McCaskill, then in her second year as Missouri's state auditor, was interviewed at length as part of the historical society's Politics in Missouri Oral History Project. McCaskill brought up the topic of Clinton's handling of former President Bill Clinton's affair on her own accord after she was asked how she dealt with her own husband's arrest on a casino boat for marijuana possession.

McCaskill said she was told to give a statement supporting her husband but instead decided to say exactly how she felt and thought Clinton should have handled her husband's affair with intern Monica Lewinsky the same way.

"That's when Bill Clinton was going through all this, I kept saying, 'Why doesn't [Hillary Clinton] really say what she thinks,'" McCaskill said, according to the interview transcript. "That's what was so phony about it."

McCaskill laid out exactly how she would have responded if she were in Clinton's shoes.

"I guess people could say she was classy, but I wouldn't have even done that," McCaskill said. "I would have said, 'You know, I'm moving out of the bedroom and we may patch this up, but he's a jerk and I'm furious at him and I think the country should be furious at him!’ That's what I would have said if I was Hillary Clinton!"

McCaskill said she thinks people are "very forgiving" to politicians who are "really open and honest."

"Being up front saying exactly what you think is usually not going to get you into trouble," she said.

McCaskill's interview with the historical society is biographical and closely mirrors the narrative told in her 2015 memoir, Plenty Ladylike, which also covers her upbringing and career as a young prosecutor with political ambitions.

One of the few areas of inconsistency comes during the memoir's mentions of Hillary Clinton, who at the time of the book's publication was running for president.

McCaskill writes in the book that it was a "huge mistake" to speak authentically about the Clintons during her initial Senate run in 2006 when she said on Meet the Press she wouldn't want her "daughters near" Bill Clinton.

McCaskill realized it was a mistake once she learned the realities of criticizing the Clintons, who canceled a fundraiser they had scheduled for her campaign, leading her to write apology letters to each of them.

"It was stupid for me to say what I did," she wrote. "It was gratuitous and hurtful, and there was no excuse for it."

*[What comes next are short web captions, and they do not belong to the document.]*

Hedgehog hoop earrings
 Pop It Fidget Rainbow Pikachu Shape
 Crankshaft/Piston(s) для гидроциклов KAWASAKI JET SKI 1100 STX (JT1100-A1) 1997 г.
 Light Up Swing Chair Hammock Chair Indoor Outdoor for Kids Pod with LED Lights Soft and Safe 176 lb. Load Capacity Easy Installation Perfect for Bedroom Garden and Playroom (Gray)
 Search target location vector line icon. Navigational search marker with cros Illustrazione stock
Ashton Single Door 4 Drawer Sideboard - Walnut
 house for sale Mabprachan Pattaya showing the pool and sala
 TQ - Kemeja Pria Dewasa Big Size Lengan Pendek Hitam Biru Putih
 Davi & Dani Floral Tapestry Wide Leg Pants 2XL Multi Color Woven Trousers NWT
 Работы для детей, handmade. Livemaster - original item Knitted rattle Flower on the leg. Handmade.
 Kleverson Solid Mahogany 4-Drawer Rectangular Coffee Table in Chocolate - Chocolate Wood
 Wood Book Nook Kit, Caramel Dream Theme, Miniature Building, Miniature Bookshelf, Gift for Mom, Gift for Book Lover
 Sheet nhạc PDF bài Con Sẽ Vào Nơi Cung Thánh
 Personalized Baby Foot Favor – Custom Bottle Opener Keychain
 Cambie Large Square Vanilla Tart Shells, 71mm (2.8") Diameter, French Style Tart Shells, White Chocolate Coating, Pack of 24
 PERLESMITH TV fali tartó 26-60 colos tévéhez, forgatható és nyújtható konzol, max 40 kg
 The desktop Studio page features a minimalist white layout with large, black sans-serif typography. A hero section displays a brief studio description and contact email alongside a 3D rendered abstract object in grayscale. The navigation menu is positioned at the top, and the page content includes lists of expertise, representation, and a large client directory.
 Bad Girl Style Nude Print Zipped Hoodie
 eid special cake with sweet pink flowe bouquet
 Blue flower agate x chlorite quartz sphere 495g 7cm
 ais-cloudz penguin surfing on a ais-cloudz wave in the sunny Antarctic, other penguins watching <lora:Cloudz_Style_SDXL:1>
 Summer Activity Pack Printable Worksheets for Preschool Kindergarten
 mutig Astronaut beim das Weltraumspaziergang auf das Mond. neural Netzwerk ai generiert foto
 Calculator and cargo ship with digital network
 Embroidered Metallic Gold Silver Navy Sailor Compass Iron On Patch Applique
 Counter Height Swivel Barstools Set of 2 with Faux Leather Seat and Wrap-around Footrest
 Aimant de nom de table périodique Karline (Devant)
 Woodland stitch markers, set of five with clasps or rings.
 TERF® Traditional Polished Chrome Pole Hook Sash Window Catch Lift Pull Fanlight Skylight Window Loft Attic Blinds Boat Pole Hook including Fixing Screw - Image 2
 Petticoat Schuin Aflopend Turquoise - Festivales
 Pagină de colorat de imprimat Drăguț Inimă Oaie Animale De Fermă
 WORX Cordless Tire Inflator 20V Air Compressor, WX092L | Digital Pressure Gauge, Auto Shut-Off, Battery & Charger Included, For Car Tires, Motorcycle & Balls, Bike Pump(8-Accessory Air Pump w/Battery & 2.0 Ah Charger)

"I wrote notes of apology to both President and Hillary Clinton, and I apologized to both of them in person the first chance I got," she wrote. "I am grateful that the Clintons have been kind and gracious to me since then."

McCaskill always had high political aspirations, but at the time of her historical society interview her goals were all within Missouri, where crossing the Clintons was less impactful.

"I really want to be governor," McCaskill said when asked what she hoped to do after her term as state auditor expired. She said she viewed her job as auditor as "a great place to prepare for the job of governor."

McCaskill would run for governor in 2004, impressively defeating the incumbent governor in the Democratic primary but losing to Republican Matt Blunt in the general election. The defeat pushed her to launch her campaign for federal office the next year and eventually unseat Republican senator Jim Talent.

McCaskill would again end up on the Clintons' bad side early in her first term when she got behind Barack Obama in the 2008 presidential primary, but she worked to repair the relationship in 2013 by becoming the first to endorse Hillary Clinton for her failed 2016 run for president.

Earlier this year, however, McCaskill was back to criticizing Clinton, this time for labeling states like Missouri, which voted overwhelmingly for President Donald Trump in 2016, as backwards.

"For those of us that are in states that Trump won we would really appreciate if she would be more careful and show respect to every American voter and not just the ones who voted for her," McCaskill said.

McCaskill's campaign did not respond to a request for comment on her old advice for how Clinton could have handled her husband's infidelity more effectively. A spokesman for Hillary Clinton also did not respond to a request for comment.